POTTER: Surviving nightmarish Cholla cactus - East Idaho News
Outdoors

POTTER: Surviving nightmarish Cholla cactus

  Published at  | Updated at
Getting your Trinity Audio player ready ...

I promise that all of my columns won’t be about Arizona, but I just moved here and it’s kind of freaking me out … so you get a few Arizona columns before I get back to columns about the normal stuff (everyday life and surviving zombies).

You see, on a recent hike, the devil reared his spiny head in the form of a jumping cholla cactus (see the strangely beautiful yet terrifying picture above).

Jumping Cholla 3 copy

My 9-year-old son was first to discover the horrific death cactus … by falling on one. And I don’t know what’s worse: the fact that it was me who led him across the steep rocky cliff that made him fall butt-first on the jumping cholla, or that my first thought was, “Can I get a picture of this for my column before I pull the hundreds of needles out of his butt?”

I don’t have a picture … regrettably.

So I started to pay attention to the chollas … and they scared me.
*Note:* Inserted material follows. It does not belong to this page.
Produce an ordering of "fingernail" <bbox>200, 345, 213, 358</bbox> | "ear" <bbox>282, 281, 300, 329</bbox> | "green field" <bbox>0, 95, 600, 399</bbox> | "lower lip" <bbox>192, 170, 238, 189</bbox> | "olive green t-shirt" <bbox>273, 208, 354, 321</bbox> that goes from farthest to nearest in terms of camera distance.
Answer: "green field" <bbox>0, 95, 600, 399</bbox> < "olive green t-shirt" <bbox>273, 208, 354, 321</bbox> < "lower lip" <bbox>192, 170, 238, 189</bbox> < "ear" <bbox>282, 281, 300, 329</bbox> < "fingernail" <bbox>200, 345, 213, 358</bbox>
First off, they basically rain death. Whole chunks of perfectly oval spiky freakishness fall right off the mother-plant like pinecones from an evergreen — or fighters from an alien mothership.

Second, if anything from skin to clothing gets within an inch of a spike, it will quite literally leap out and attach with painful fervor. Most often I got stuck by the cholla that secretly attached to my bag or pants, or I’m trying to pull needles out of my shoe, because trying to kick these things out of the way is a fool’s errand.

Jumping Cholla shoe

The point is that I thought surviving cacti meant not getting pricked, which seemed like a pretty simple task. The truth is that, to survive these stealthy, hunting cacti, I have to watch every single step, every placement of my hand, every swing of my bag and turn of my body, and then I’ll probably only get speared a couple of times instead of a hundred.

Oh yeah, and as for the spearing part, no one told me how much a tiny needle (and the freaking cholla has hundreds) hurts.